Odisha needs calibrated approach to MVA 2019 as road fatalities up by 51% in 2014-18
Accident deaths have increased by 13 percent in the first five months of Jan-May 2019. Fact of over 51 per cent of fatalities occurred in uncontrolled areas last year shows why stricter regulation is necessary
Bhubaneswar: Even as wilting under pressure CM Naveen Patnaik proposed a sort of moratorium on implementing the new Motor Vehicles Act (MVA) 2019 for a span of 90-days, the CM needs to heed to what a well-known India-American neuroscientist VS Ramachandran had once said, “The minute you succumb to outside pressure, you cease to be creative.”
To draw their pound of flesh, vested groups, including Motor Vehicles Owners Association and some political parties, have started demanding for a complete roll back.
The need of the hour was a calibrated approach to entire gamut of MVA 2019, rather than roll back or moratorium. Because, the fatalities on roads in Odisha had grown by a massive 51 per cent between 2014 – 2018. A total of 3,506 fatalities were recorded in 2014 in Odisha, which jumped to 5,315 in 2018.
The black spot for the State is, accident deaths have increased by 13 percent in the first five months of Jan-May 2019 with a total toll of 2,532 vis-a-vis 2,238 in 2018.
And the detailed data available with the State Transport Department looks more devilish.
While deaths due to accidents involving trucks/HCVs (heavy commercial vehicles) corner around 32.3 per cent of total fatalities on roads, two-wheelers account for another 32.4 per cent.
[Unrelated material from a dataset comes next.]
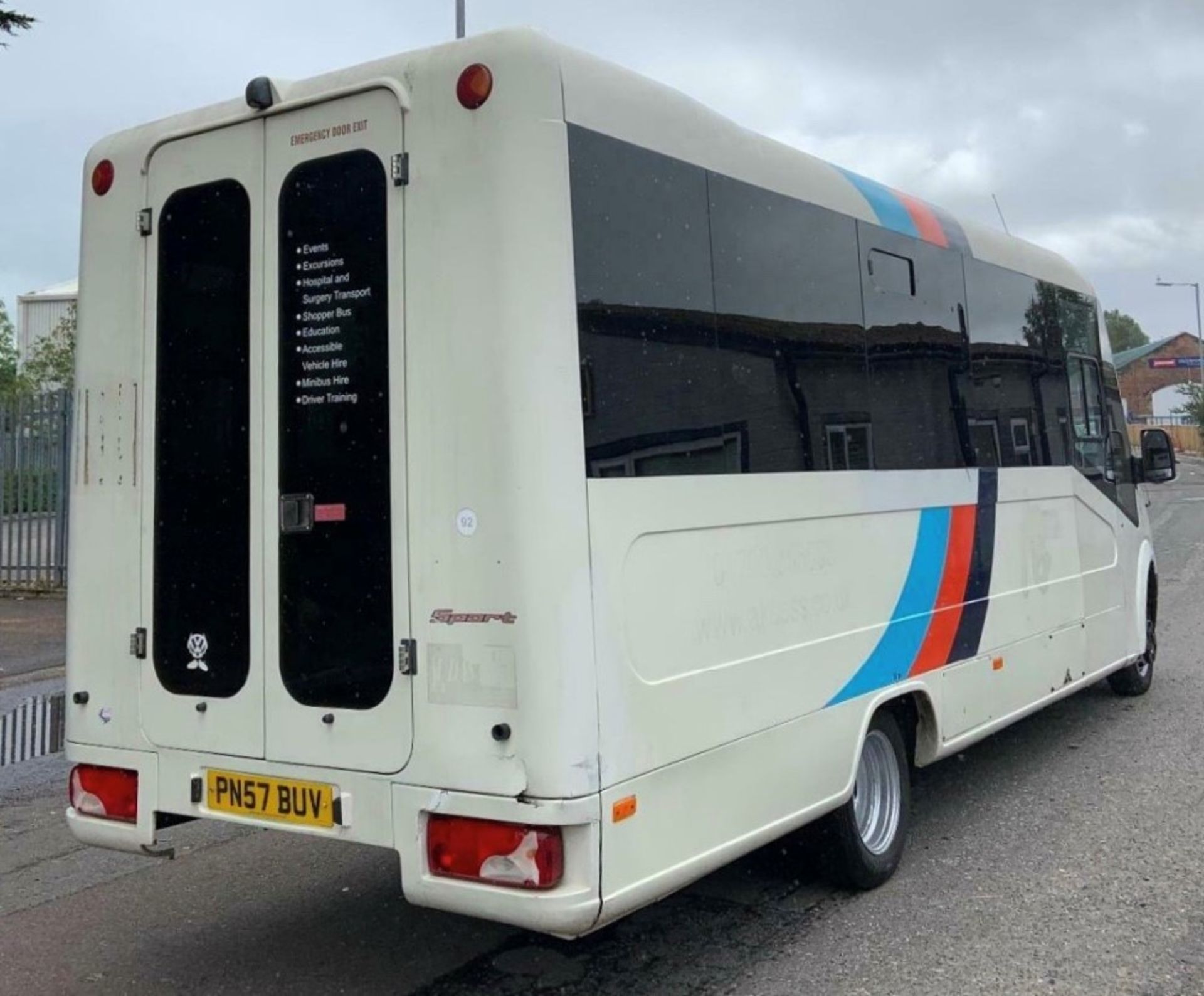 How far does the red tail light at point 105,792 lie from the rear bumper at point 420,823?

And the toll in autorickshaw-related accidents account for another 4 per cent.
The State Transport Department data shared with the Apex court’s Committee on Road Safety reveals that more than half of the vehicles involved in the fatal accidents were around 10-15-years old. And the drivers on learner’s licence were responsible for majority of fatal accidents in the State.
High speed or competitive speed to overtake took around 81 per cent of the fatality burden. Besides, data showed how better traffic management involving regulation of speed of vehicles could have worked wonders for the State when over 51 per cent of fatalities occurred in uncontrolled areas last year.
Moreover, the analysis revealed that nearly 6,548 accidents happened either during overtaking, overturning or traffic negotiations.
Also, a whopping 68 per cent accident could have been minimised had there been a regulation on the speed of the vehicles, finds the analysis.
More startling facts: Odisha is 3rd nationally in recording accidents where mobile phones proved to be the killer cause. Added to this, single lanes in Odisha shared the most burdens as they recorded a big 54 per cent of fatality on roads over the years.